Stored dataset items:
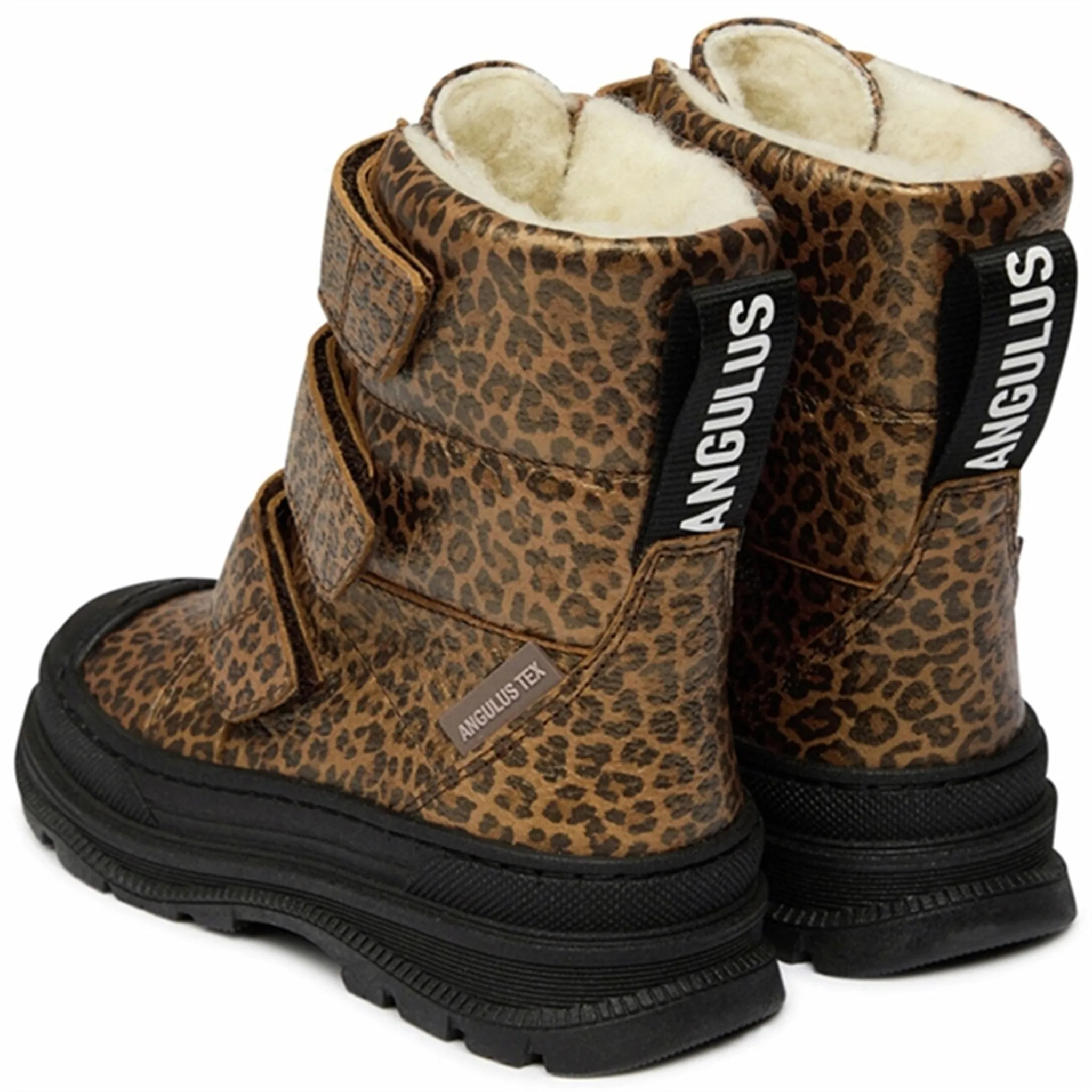 Snow Outdoor Boots Cold Protection Walks Angulus Tex-Boots w Velcro and Wool Lining Brown Leo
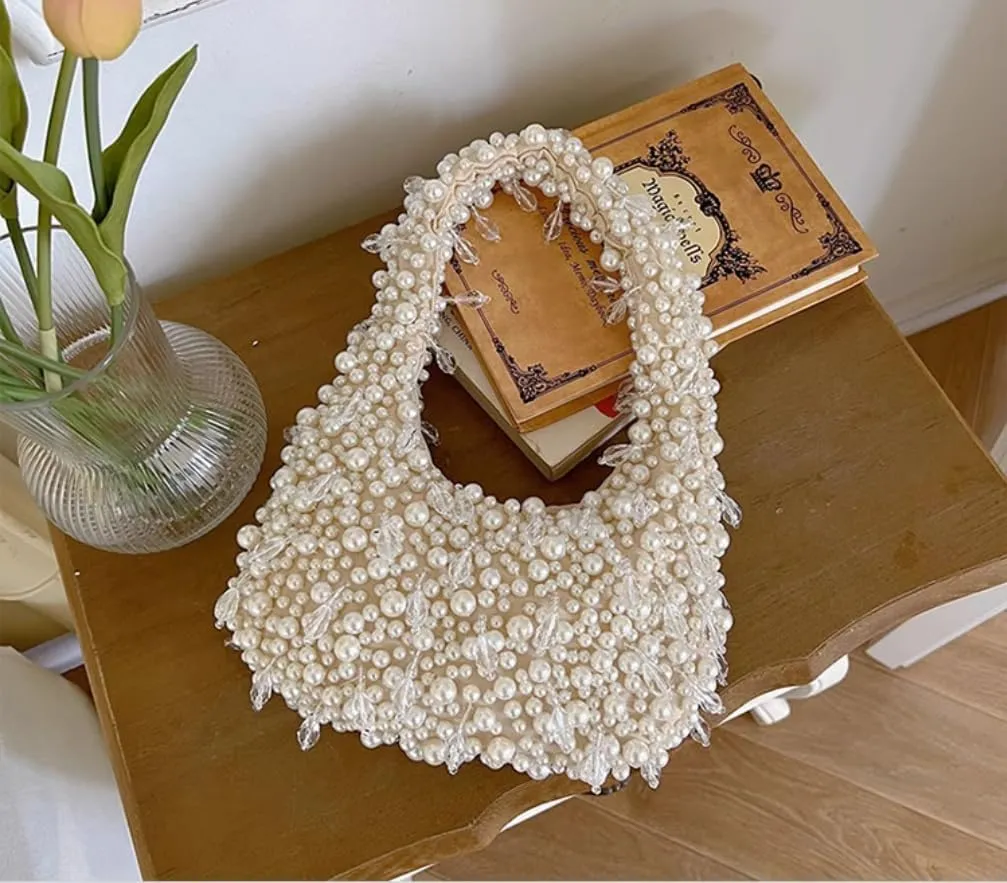 Hobo Bags-Women's Pearl Leaf Beaded Small Mini Bag Crescent Shaped Party Handbag Purse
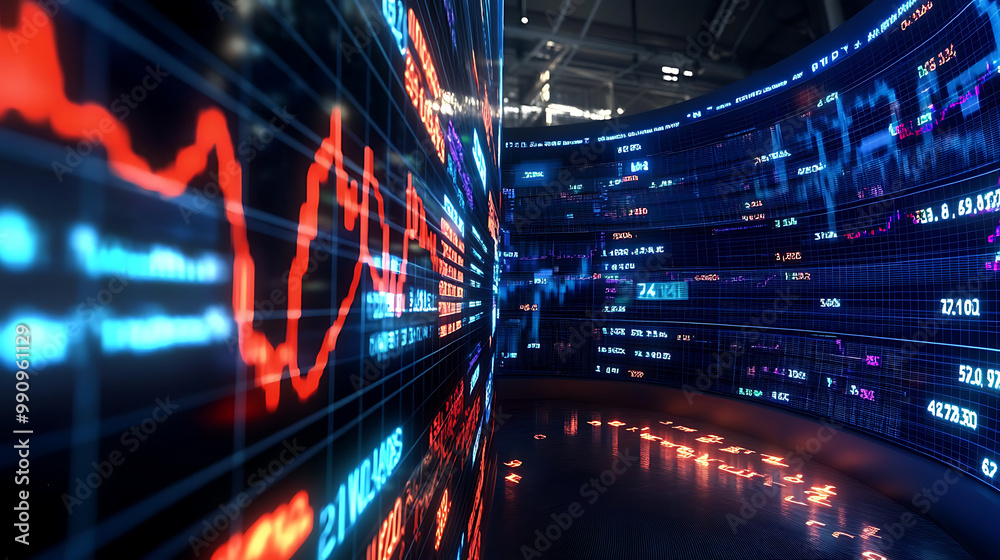 Charming background with a large digital display showing real-time stock market trends and financial data Charming background with a large digital display showing real-time stock market trends and financial data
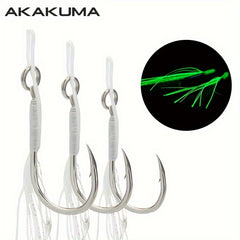 Fishing Jigging Assist Hooks Saltwater Luminous Jig Hooks High Carbon Steel
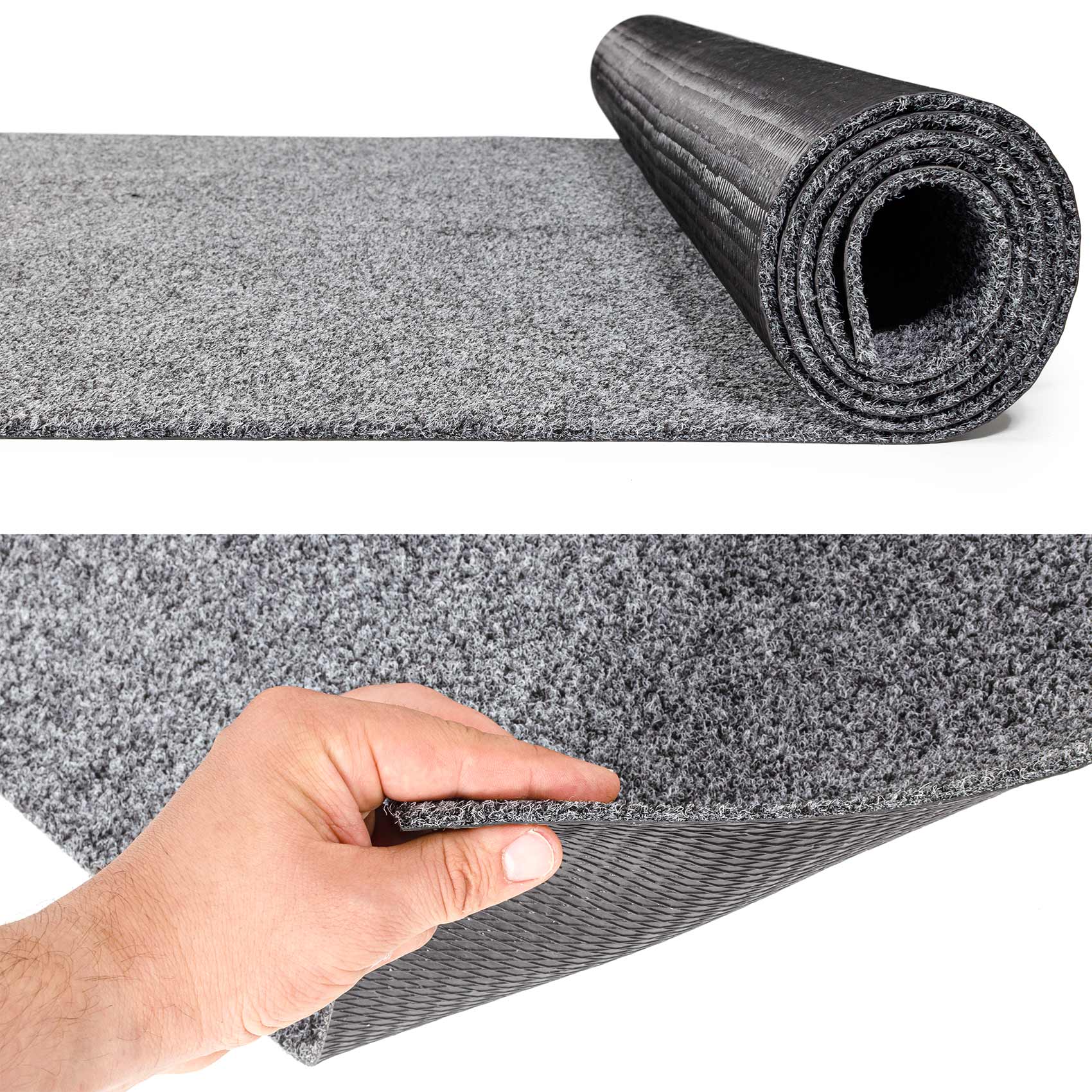 POEGRA_30 Flur Läufer Teppich Läufer Sauberlaufmatten Eingangsbereich Meterware POET Breite 80cm Grau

Problem statement
Write out word for word the lines above that run from the one with "financial data Charming" to the one with "Fishing Jigging Assist". Include both end lines; exclude the images.

Solution to this task
 Charming background with a large digital display showing real-time stock market trends and financial data Charming background with a large digital display showing real-time stock market trends and financial data
 Fishing Jigging Assist Hooks Saltwater Luminous Jig Hooks High Carbon Steel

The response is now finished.